Related to agriculture is GTF’s focus on creating nets that prevent erosion of land in lakes, road embankments and even sea shores.
In some coastal areas, GTF has designed nets that actually allow the waves to bring in water and sand, but prevent the waters from carrying back the sand. Thus erosion is prevented, and in the few years, land is also reclaimed from the sea. On highways and canals, it designs solutions that prevent land erosion, and keep canal water flowing along specified channels and ensure that roads are not washed away. The nets thus save colossal amounts of collateral investments from being washed away.
Using similar technologies GTF works very closely with governments. It designs solutions to prevent rock erosion near tunnel-ways and highways.
“That is why we prefer to see ourselves as a textile unit – with weaving and yarn making capabilities. Our raw materials are different, our markets are different as well, but the underlying technologies and the principles are the same,” adds Garware.
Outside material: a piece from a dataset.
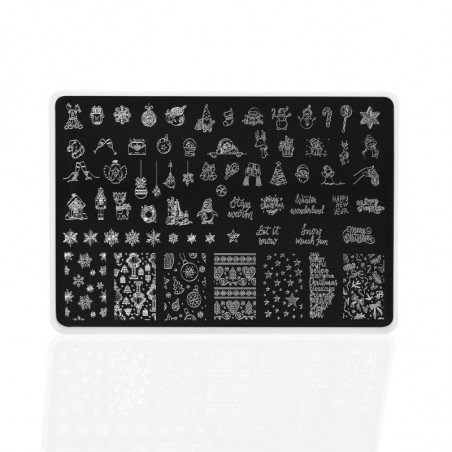 Winter 1 Indigo Stamping Plate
To buttress his view, he points to how his defence applications division creates fabrics that protect radar installations from sun, sand and hail-stones, without affecting the transmission of the frequencies used in detecting objects they are been designed for. GTF managers say that their products have reduced the purchase bill for defence units by almost two-thirds. Wherever specialised skills are required, GTF partners with the appropriate technology partner – with an Israeli company for the radar protection covers.
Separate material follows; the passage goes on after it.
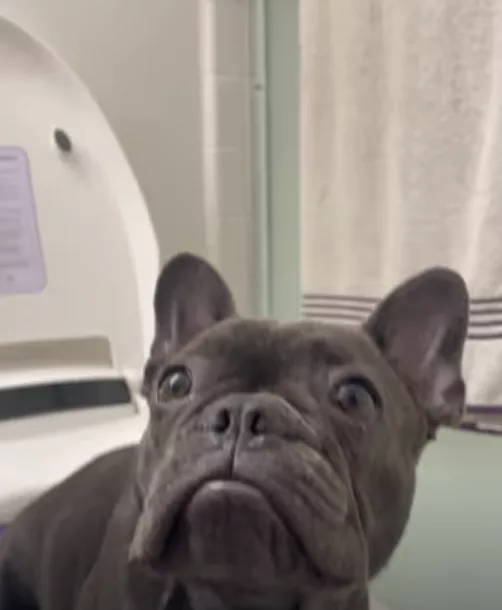 Shhh.. It’s Raining Outside !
Today, GTF makes tents for the defence sector, and ropes that are lighter than steel but over ten times stronger than steel. Such ropes are used by the shipping industry as well. It makes nets for sports – Wimbledon tennis courts, baseball, badminton and squash courts.
Today, GTF is no longer a domestic company. It operates in over 65 countries, with its own office in six. In some countries like Canada and Scotland, it enjoys a high market share. In other countries like Chile it is just about to make its presence felt.
Given a global footprint and catering to sectors like food which are growing at an impressive pace, GTF does have its work cut out. It could be a company to watch very closely in the coming years.